Scrapping SDLT would also give the sector a jobs boost.
In August and September 2020, residential property transactions rose by 15.6 and 21.3 per cent respectively. At that point the Treasury claimed this was helping to protect 750,000 jobs.
Ending SDLT would stimulate more jobs leaving less people reliant on the state for support.
And to pump prime the abolition of Stamp Duty would be easy. Stamp Duty receipts over the past decade have ranged from c £6 to £13 billion.
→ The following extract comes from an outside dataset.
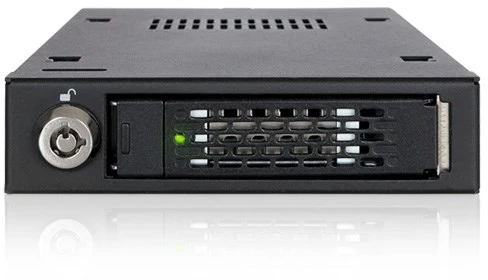 Nezatříděno Carruzzo Icy Dock MB601VK-B diskų įrenginio skyriaus dangtelis Juoda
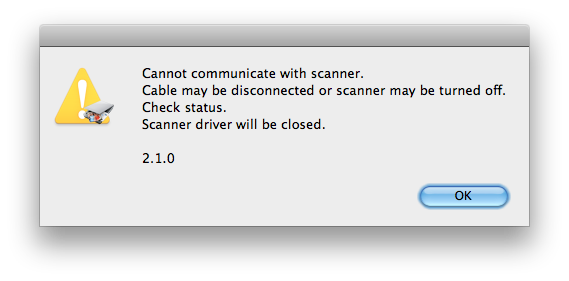 Morgen forbandelse Panter Error when scanning using Canon Multifunction on Mac – Fix-KB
HS2 is now projected to be well over £1 billion: let’s scrap it and that’s at least a decade sorted.
So this evening I have merely focused on three areas where free market principles can help us back to recovery.
Rekindling a self-employed entrepreneurial revolution.
Making Britian the best place in the world to set up a business or invest.
And making the housing market work, for buyers and the whole country.
There are countless others.
To return to the beginning, I cannot better end than to reference one of the Institute of Economic Affairs own recent publications by Neil Record who observed the most successful economic period in our recent history came at a time when:
- the top rate of income tax of 40 per cent.
- Corporation Tax ranged from 33 per cent down to 19 per cent, falling throughout the period.
- The highest rate of Stamp Duty on residential property rising from one per cent to four per cent.
- VAT peaked at 17.5 per cent.
- Capital Gains Tax set at the same rate as income tax, but with Taper Relief reducing the rate on shares by up to 75 per cent (i.e. giving a top rate of 10 per cent).
In short, the regulatory burden on all productive sectors was much lighter than today.
The best performing periods of our past had much less financial regulation, much less labour market regulation, more targeted health and safety regulation, with fewer subsidies.
It’s time to rekindle that spirit – and set our economy free.
Take the freedoms Brexit gives to make us the most attractive place to do business in the world.
Reject protectionism.
All of our United Kingdom will be richer for it.
The gap between rich and poor will shrink through new jobs, new opportunities.
People choosing a path for themselves.
The mavericks and disruptors driving standards up and prices down through real competition and choice.
Wealth creation, not artificial state sponsored sticking plasters.
Global Britain can be a great success.
But we need to believe in ourselves first.
Set people free and reap the rewards.